For any $j\in\mathbb{N}_{\geq 0}$, let $$ I_j := \sum_{n_1,\dots,n_2j=1}^{\infty} a_{n_1} \dots a_{n_{2j}} $$
where $a:\mathbb{N}_{\geq1}\to\mathcal{A}$ is a sequence into some algebra. Assume that we wanted to get the even part $E(I_j)$ of this sum, i.e., discard of it all the summands where an odd power of $a_k$, for all $k$, appears.
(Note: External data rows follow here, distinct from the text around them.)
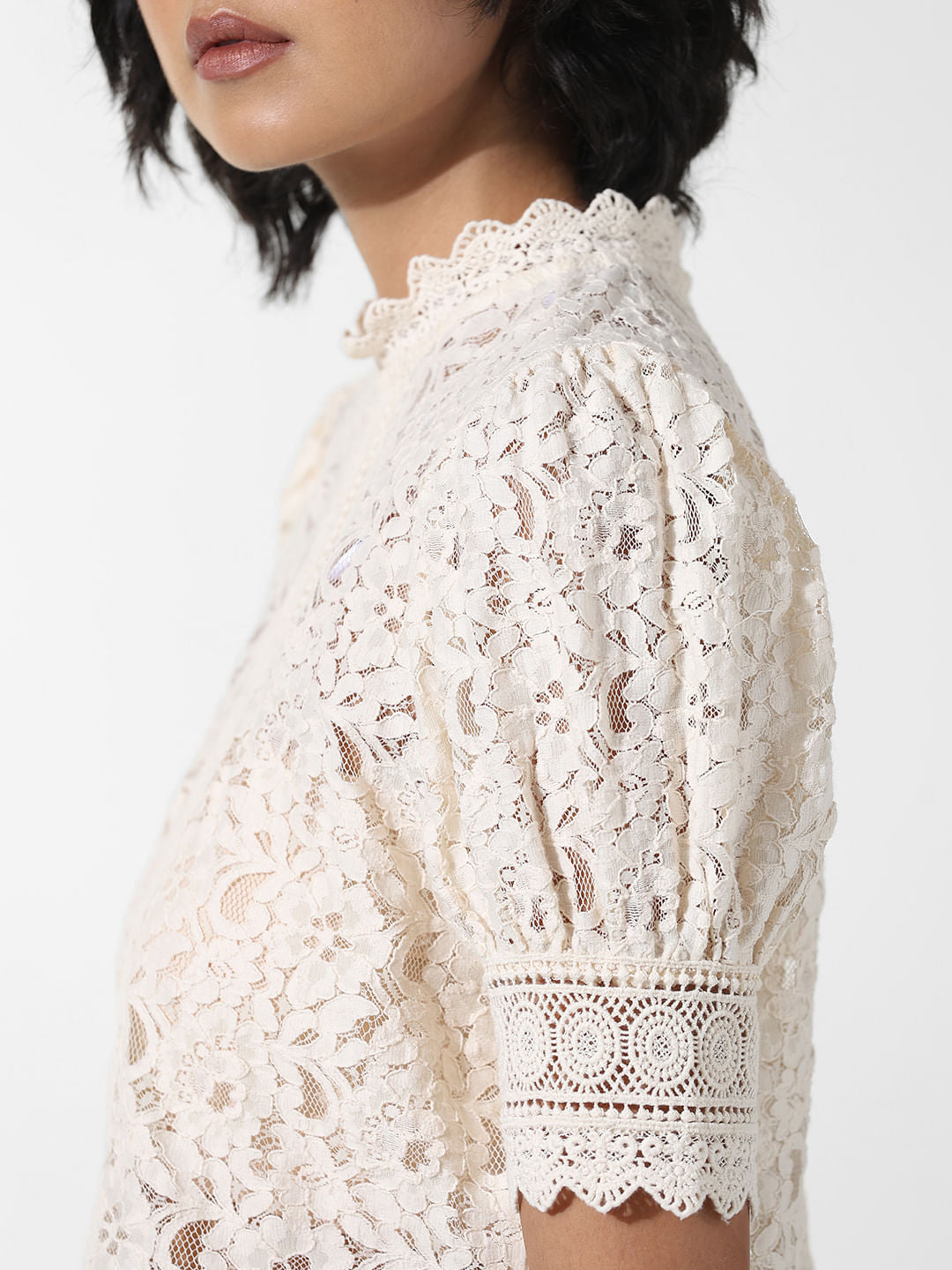 Cream Lace Puff-Sleeved Top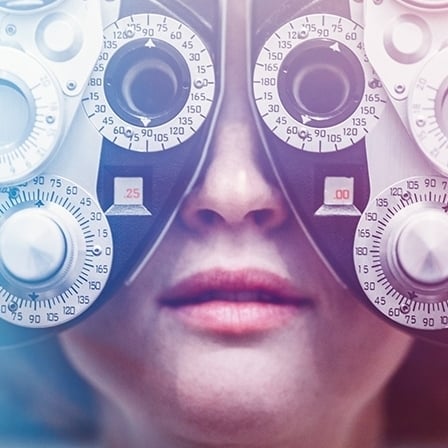 660465344 Los ojos de una mujer siendo examinados con un foróptero. Podría también mostrar a un oftalmólogo.
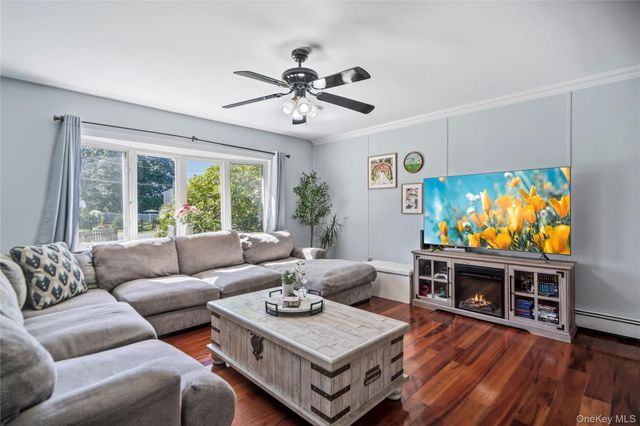 15 Parkwood Drive, Mastic Beach, NY 11951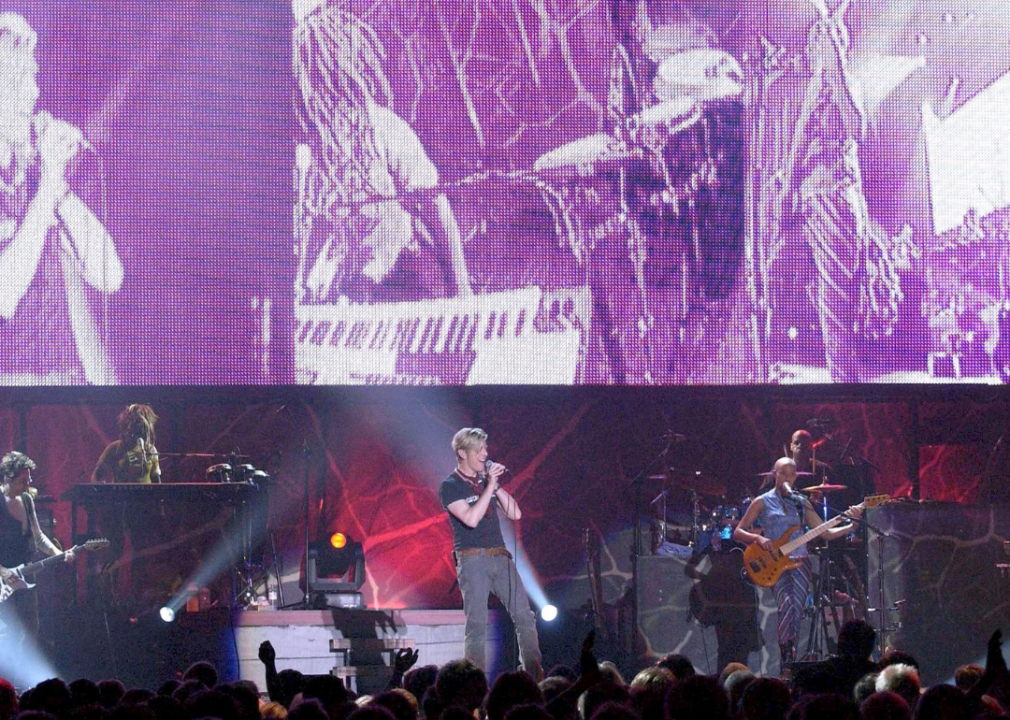 Bowie performs on stage. 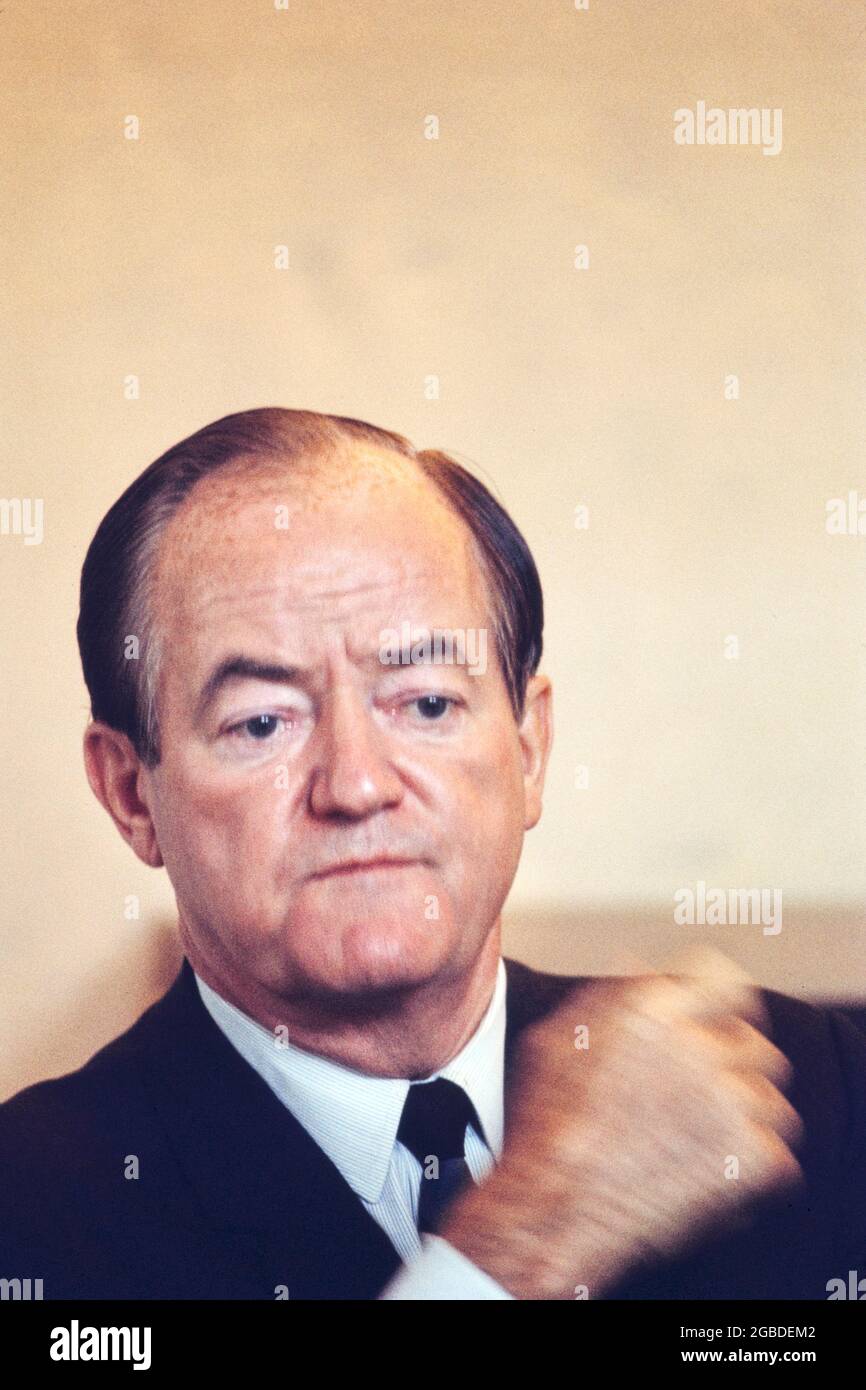 Senatore degli Stati Uniti dal Minnesota Hubert Humphrey, Ritratto della testa e delle spalle, Washington, D.C., USA, Bernard Gotfryd, 1964 Foto Stock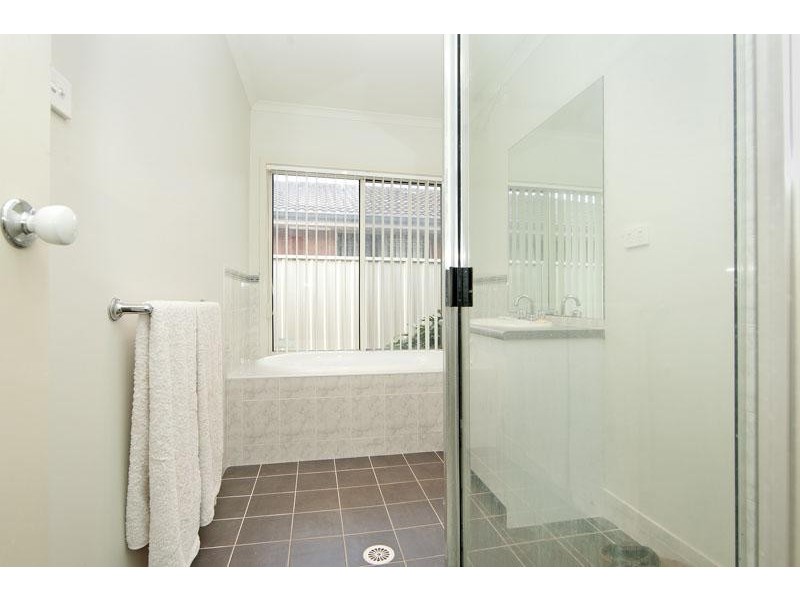 14 Highcliff Close, Woongarrah NSW 2259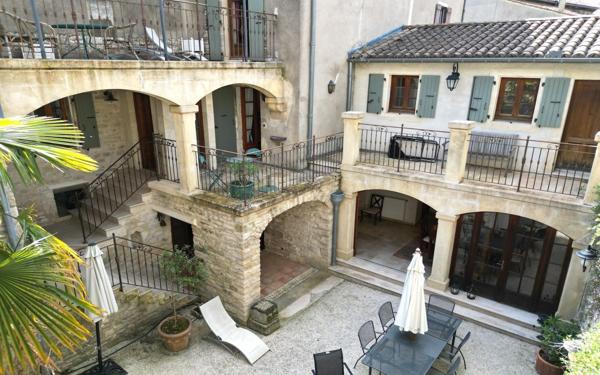 Maison à vendre    7 pièces •  Barjac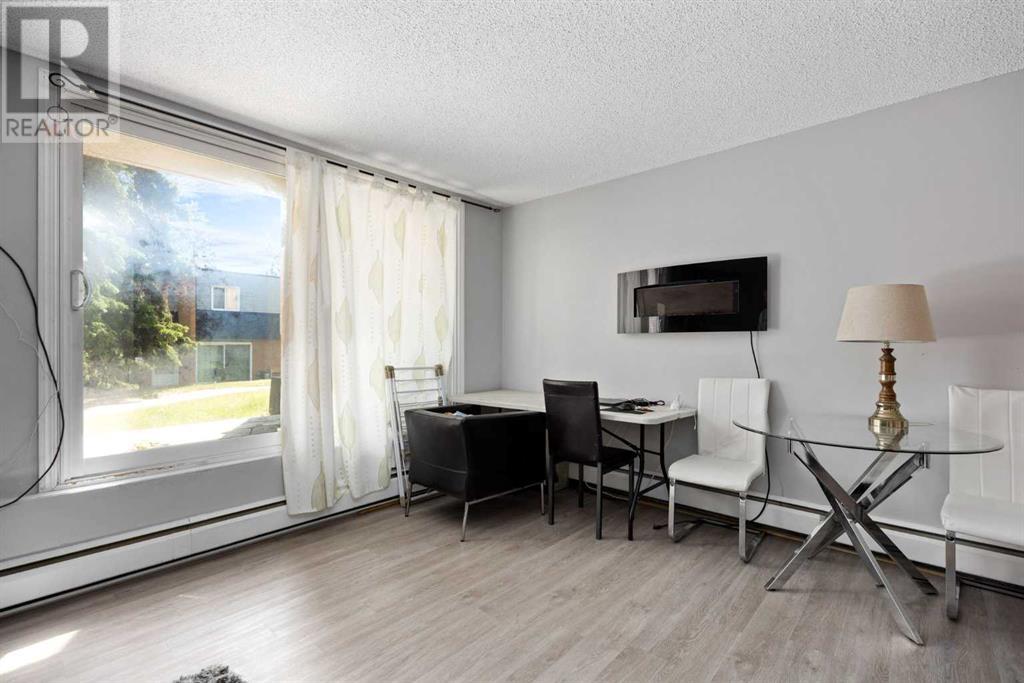 Single Family House for Sale in    Street SW Glenbrook Calgary 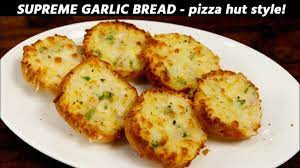 Supreme Garlic Bread Pizza Hut Style Recipe Cookingshooking Youtube Garlic Bread Pizza Garlic Bread Pizza Hut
How then to write in an efficient way $E(I_j)$?
Here is what I thought:
Let $P$ be an integer partition of $j$. Then we have $p_1+\dots+p_{s_P}=j$ for some $s_P\geq 1$ (the number of summands in the partition). We may also write this partition as $j = \sum_{l=1}^{\infty} \alpha_l \times l$ where $\alpha_l = 0,1,\dots$ is the number of times $l$ appears in the partition. Define $c_P := \frac{(2j)!}{(2p_1)!\dots(2p_{s_P})!}\frac{1}{\prod_{l=1}^{\infty}\alpha_l!}$.
Then we write
$$ E(I_j) = \sum_{P \text{ is a partition of j}}c_P \sum_{n_1,\dots,n_{s_P}\text{ all distinct}} a_{n_1}^{2p_1}\dots a_{n_{s_P}}^{2p_{s_P}}.$$
Question: Is this correct? Is this a good way to write this?